O grupo de WhatsApp dos vizinhos do prédio estava num rebuliço. A praceta ia, finalmente, ter luzes de Natal… e todos devíamos contribuir. Entre emojis festivos e trocas de mensagens, dei por mim a pensar:“quem decide que um sítio pode ter Natal? Quem tem poder para colocar luzes assim, sem mais nem menos – sobretudo num lugar que, durante alguns anos, esteve votado à escuridão?”

Sempre vivi na periferia, numa “terra de ninguém”, junto à fronteira entre o concelho de Lisboa e de Loures: Prior Velho. Foi em Lisboa – o centro para onde tudo parece convergir – que estudei desde pequena e também onde comecei a trabalhar. Os meus amigos são de Lisboa e, quando quero conviver, é também para lá que vou. A cidade-centro oferece futuro, encontros, movimento, mas o bairro oferece outra coisa: uma proximidade silenciosa.

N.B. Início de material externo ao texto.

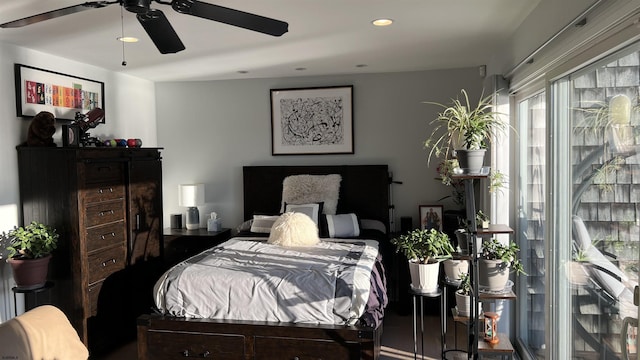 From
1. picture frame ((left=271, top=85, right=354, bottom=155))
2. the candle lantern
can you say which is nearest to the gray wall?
picture frame ((left=271, top=85, right=354, bottom=155))

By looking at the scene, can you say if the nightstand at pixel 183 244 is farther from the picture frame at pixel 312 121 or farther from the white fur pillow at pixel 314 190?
the picture frame at pixel 312 121

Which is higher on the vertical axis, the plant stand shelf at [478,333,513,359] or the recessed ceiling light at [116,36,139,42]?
the recessed ceiling light at [116,36,139,42]

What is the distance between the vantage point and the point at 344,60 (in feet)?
15.2

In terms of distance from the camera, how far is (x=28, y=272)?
3475 mm

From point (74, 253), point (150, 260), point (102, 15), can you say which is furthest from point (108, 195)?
point (102, 15)

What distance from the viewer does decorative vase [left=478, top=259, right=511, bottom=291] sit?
2.75 metres

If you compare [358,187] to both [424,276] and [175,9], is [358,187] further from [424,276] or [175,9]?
[175,9]

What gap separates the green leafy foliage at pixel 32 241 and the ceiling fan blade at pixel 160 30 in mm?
1815

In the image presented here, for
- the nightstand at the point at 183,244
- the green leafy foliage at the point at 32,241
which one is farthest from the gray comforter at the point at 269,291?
the nightstand at the point at 183,244

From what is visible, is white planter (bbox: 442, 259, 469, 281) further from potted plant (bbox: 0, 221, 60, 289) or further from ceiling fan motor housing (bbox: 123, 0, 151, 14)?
potted plant (bbox: 0, 221, 60, 289)

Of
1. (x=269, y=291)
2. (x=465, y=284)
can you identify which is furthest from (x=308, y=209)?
(x=465, y=284)

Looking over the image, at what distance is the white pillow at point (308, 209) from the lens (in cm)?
487

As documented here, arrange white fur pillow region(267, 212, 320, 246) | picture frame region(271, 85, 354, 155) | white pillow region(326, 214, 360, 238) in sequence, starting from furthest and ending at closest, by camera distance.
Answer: picture frame region(271, 85, 354, 155), white pillow region(326, 214, 360, 238), white fur pillow region(267, 212, 320, 246)

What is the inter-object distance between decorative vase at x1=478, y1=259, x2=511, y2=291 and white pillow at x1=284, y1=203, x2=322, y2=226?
7.48 feet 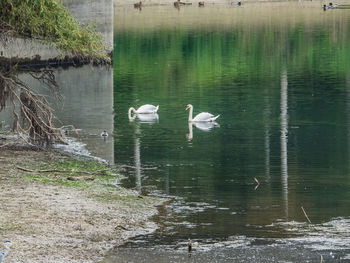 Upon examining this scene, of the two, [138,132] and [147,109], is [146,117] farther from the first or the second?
[138,132]

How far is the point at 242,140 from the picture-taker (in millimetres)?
31406

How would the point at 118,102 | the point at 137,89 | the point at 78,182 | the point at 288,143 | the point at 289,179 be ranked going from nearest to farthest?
the point at 78,182, the point at 289,179, the point at 288,143, the point at 118,102, the point at 137,89

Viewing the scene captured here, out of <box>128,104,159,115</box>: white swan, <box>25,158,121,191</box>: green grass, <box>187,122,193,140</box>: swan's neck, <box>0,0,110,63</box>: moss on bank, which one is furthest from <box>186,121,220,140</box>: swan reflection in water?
<box>25,158,121,191</box>: green grass

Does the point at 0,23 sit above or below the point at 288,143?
above

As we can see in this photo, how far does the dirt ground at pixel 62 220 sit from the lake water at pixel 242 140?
0.51 meters

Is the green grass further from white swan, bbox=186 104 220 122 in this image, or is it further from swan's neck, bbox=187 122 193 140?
white swan, bbox=186 104 220 122

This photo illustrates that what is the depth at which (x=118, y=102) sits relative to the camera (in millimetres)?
42906

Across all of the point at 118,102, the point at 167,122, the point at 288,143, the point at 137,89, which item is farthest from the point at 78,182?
the point at 137,89

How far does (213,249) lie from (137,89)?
3138 centimetres

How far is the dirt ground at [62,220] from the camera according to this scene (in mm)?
16359

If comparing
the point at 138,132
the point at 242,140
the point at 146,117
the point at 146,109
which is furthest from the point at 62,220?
the point at 146,109

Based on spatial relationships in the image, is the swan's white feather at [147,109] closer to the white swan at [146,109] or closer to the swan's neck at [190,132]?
the white swan at [146,109]

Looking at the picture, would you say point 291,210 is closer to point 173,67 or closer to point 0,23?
point 0,23

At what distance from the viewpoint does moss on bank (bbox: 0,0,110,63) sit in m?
24.6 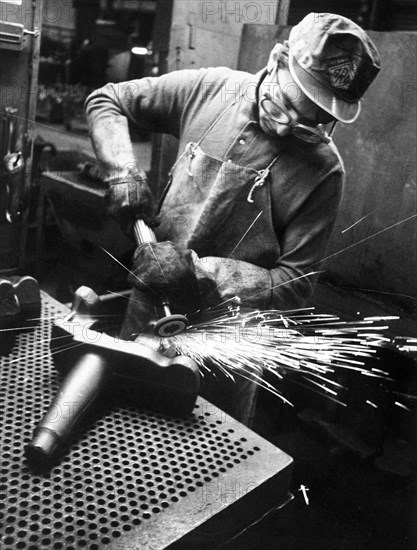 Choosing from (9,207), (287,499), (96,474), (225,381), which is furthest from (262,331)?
(9,207)

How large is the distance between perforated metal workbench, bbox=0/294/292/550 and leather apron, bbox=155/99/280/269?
81 cm

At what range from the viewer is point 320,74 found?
72.6 inches

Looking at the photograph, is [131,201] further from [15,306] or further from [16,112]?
[16,112]

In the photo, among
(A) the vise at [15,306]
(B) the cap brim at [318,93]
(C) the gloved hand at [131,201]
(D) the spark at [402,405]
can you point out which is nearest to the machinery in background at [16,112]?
(C) the gloved hand at [131,201]

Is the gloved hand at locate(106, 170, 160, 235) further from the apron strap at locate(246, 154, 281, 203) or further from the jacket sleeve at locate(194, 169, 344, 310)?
the apron strap at locate(246, 154, 281, 203)

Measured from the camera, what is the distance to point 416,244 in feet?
10.2

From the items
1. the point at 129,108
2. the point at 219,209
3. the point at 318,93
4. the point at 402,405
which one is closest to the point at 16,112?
the point at 129,108

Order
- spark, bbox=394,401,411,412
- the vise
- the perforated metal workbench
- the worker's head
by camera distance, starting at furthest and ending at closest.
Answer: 1. spark, bbox=394,401,411,412
2. the worker's head
3. the vise
4. the perforated metal workbench

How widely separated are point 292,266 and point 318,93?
0.65m

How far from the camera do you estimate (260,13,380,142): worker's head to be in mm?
1825

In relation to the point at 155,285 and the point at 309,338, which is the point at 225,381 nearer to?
the point at 309,338

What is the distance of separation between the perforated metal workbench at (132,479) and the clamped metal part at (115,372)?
56 millimetres

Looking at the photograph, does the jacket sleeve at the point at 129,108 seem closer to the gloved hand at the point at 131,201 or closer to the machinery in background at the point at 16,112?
the gloved hand at the point at 131,201

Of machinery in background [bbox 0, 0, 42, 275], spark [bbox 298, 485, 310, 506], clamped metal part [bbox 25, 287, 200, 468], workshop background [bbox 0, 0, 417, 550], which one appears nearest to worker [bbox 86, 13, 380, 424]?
clamped metal part [bbox 25, 287, 200, 468] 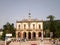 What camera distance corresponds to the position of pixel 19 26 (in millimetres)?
58188

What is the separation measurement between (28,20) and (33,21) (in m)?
1.44

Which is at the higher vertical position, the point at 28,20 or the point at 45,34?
the point at 28,20

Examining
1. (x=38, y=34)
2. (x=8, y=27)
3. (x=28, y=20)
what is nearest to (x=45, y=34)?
(x=38, y=34)

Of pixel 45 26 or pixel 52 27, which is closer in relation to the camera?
pixel 52 27

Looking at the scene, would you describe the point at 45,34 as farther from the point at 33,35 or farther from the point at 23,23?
the point at 23,23

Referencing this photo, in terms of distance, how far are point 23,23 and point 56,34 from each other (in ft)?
33.2

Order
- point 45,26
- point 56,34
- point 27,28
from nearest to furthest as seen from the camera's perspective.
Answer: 1. point 56,34
2. point 27,28
3. point 45,26

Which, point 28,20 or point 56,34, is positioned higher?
point 28,20

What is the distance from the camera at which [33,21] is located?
5778 cm

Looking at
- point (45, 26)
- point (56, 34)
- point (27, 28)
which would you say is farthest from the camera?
point (45, 26)

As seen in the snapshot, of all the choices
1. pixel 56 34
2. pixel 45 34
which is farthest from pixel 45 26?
pixel 56 34

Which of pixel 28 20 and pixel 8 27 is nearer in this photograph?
pixel 28 20

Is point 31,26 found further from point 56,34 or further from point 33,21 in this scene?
point 56,34

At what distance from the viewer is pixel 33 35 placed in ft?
192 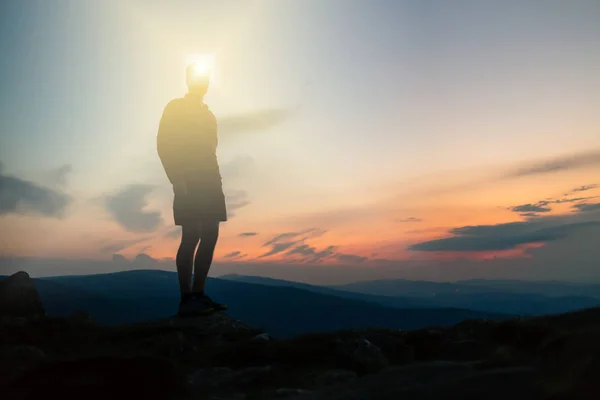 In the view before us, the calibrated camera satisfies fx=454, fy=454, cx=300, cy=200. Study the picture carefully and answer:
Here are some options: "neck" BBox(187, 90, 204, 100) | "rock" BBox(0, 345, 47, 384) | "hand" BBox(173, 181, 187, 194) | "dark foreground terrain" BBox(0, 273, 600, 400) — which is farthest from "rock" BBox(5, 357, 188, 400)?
"neck" BBox(187, 90, 204, 100)

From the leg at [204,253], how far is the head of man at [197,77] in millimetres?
2215

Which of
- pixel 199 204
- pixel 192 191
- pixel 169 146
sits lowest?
pixel 199 204

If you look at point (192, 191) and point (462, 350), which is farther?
point (192, 191)

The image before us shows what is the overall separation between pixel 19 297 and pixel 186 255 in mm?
6245

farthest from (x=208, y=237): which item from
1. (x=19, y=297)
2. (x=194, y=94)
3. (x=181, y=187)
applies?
(x=19, y=297)

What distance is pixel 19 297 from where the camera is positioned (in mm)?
10664

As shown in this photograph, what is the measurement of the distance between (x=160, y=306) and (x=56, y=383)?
117132mm

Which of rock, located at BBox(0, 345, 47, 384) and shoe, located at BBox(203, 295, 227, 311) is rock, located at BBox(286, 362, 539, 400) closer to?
rock, located at BBox(0, 345, 47, 384)

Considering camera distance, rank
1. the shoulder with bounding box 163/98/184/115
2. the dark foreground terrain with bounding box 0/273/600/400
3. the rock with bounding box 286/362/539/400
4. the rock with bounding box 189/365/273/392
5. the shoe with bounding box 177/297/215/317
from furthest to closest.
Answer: the shoulder with bounding box 163/98/184/115
the shoe with bounding box 177/297/215/317
the rock with bounding box 189/365/273/392
the dark foreground terrain with bounding box 0/273/600/400
the rock with bounding box 286/362/539/400

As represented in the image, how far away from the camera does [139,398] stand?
2654 mm

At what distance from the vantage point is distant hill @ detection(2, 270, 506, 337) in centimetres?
7544

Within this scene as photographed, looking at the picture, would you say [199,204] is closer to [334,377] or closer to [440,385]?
[334,377]

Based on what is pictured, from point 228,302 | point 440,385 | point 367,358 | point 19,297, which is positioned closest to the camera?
point 440,385

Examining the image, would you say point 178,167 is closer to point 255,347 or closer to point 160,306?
point 255,347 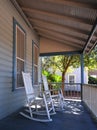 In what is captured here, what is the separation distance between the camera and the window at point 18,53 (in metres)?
5.89

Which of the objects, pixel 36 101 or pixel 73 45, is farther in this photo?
pixel 73 45

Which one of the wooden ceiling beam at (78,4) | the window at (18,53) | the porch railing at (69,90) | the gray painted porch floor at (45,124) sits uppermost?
the wooden ceiling beam at (78,4)

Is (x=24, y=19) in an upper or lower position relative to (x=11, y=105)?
upper

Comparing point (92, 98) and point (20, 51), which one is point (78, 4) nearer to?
point (92, 98)

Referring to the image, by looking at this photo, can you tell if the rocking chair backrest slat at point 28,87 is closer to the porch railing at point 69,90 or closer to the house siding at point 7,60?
the house siding at point 7,60

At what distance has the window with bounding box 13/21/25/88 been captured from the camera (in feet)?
19.3

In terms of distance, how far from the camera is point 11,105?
18.4 ft

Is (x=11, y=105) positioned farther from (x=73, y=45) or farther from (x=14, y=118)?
(x=73, y=45)

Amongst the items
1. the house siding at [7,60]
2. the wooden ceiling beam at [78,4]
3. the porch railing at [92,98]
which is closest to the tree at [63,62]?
the porch railing at [92,98]

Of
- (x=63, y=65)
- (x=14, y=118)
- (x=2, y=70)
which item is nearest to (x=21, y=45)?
(x=2, y=70)

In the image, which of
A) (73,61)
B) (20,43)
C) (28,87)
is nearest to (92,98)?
(28,87)

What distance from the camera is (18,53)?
20.9 feet

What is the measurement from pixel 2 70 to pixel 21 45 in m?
1.99

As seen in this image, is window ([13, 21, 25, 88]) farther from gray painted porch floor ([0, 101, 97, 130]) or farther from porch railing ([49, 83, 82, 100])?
porch railing ([49, 83, 82, 100]) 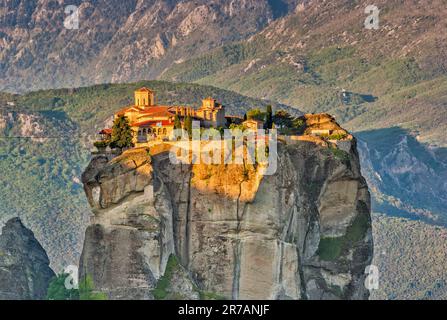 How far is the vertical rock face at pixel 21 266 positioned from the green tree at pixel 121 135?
39.1 feet

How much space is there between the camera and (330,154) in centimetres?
10969

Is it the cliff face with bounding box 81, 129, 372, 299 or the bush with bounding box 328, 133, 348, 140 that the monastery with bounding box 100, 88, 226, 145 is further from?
the bush with bounding box 328, 133, 348, 140

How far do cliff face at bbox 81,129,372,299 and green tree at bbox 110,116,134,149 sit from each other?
10.4 feet

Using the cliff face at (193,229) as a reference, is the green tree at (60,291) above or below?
below

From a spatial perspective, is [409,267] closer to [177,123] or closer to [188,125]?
[177,123]

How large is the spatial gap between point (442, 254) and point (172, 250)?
319 ft

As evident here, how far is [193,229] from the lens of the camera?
336 feet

Aqui persiste a sensação de que sei quem são os meus vizinhos. Não por grandes intimidades, mas pelo olhar atento de quem nota quando abre um novo negócio ao lado, de quem se lembra do dia da semana em que se serve o Cozido. Ou de quem repara numa luz que se acende onde antes fazia tanta falta.

Desci ao restaurante por baixo de minha casa para perceber de onde vinha a iniciativa de colocar as luzes. Fui logo interpelada a contribuir para esta história que, afinal, tinha começado com os meus vizinhos: como a praceta há muito tempo não tinha iluminações de Natal, tinham sido os donos do restaurante que decidiram angariar dinheiro para a decorar, com a ajuda dos clientes e moradores.

Esse restaurante – o Pátio do Tony – viu-me crescer. À medida que vão fechando os lugares onde eu e os meus pais somos tratados por “tu”, como o talho ou a mercearia, o Pátio do Tony tem-se mantido um ponto fixo numa paisagem em mudança. Abertos todos os dias do ano, menos ao domingo – faça chuva, faça sol, seja feriado ou dia festivo.

E a Rute, que lá trabalha há mais de 20 anos e conheceu a minha mãe ainda grávida, viu-me sair no meu primeiro dia de escola, desdentada e com uma mochila cor-de-rosa às costas. Viu-me também regressar, agora mais velha, com um diploma de Mestrado – um momento que lhe fez chegar as lágrimas aos olhos. Por mais voltas que a minha vida desse, entre conquistas e derrotas, viagens e mudanças, voltar a casa era também voltar ao Pátio de Tony, onde uma açorda quentinha me espera ou onde uma dose de batatas fritas pode sempre ser pedida para levar.

Rute, do Pátio do Tony. Foto: Maria Maia

Perguntei à Rute porque tinha decidido pôr moradores e clientes a contribuir para decorar a praceta. Já devia esperar a resposta. “Sabes como eu sou, não consigo parar quieta. E senti que faltava aqui alguma alegria.”

Este Natal ela chegou. Não foram as luzes, por si só, que a trouxeram. Foi perceber que, neste pedaço de cidade, a boa vontade podia transformar o pouco em muito.

Neste Natal comunitário, nada se dividiu – tudo se multiplicou. Às luzes compradas num negócio com número na praceta, com dinheiro reunido por comerciantes e moradores, juntou-se um presépio pintado à mão por uma vizinha e uma árvore de Natal feita com materiais reciclados. Até a Junta de Freguesia acabou por ajudar: ligou as luzes a um poste de eletricidade para que ficassem acesas toda a noite e trouxe mais algumas decorações para acrescentar.

De vez em quando, vejo da minha janela alguns vizinhos surpreendidos, crianças divertidas e pessoas de passagem, curiosas com estas iluminações diferentes.

Natal é, afinal, quando uma comunidade quiser!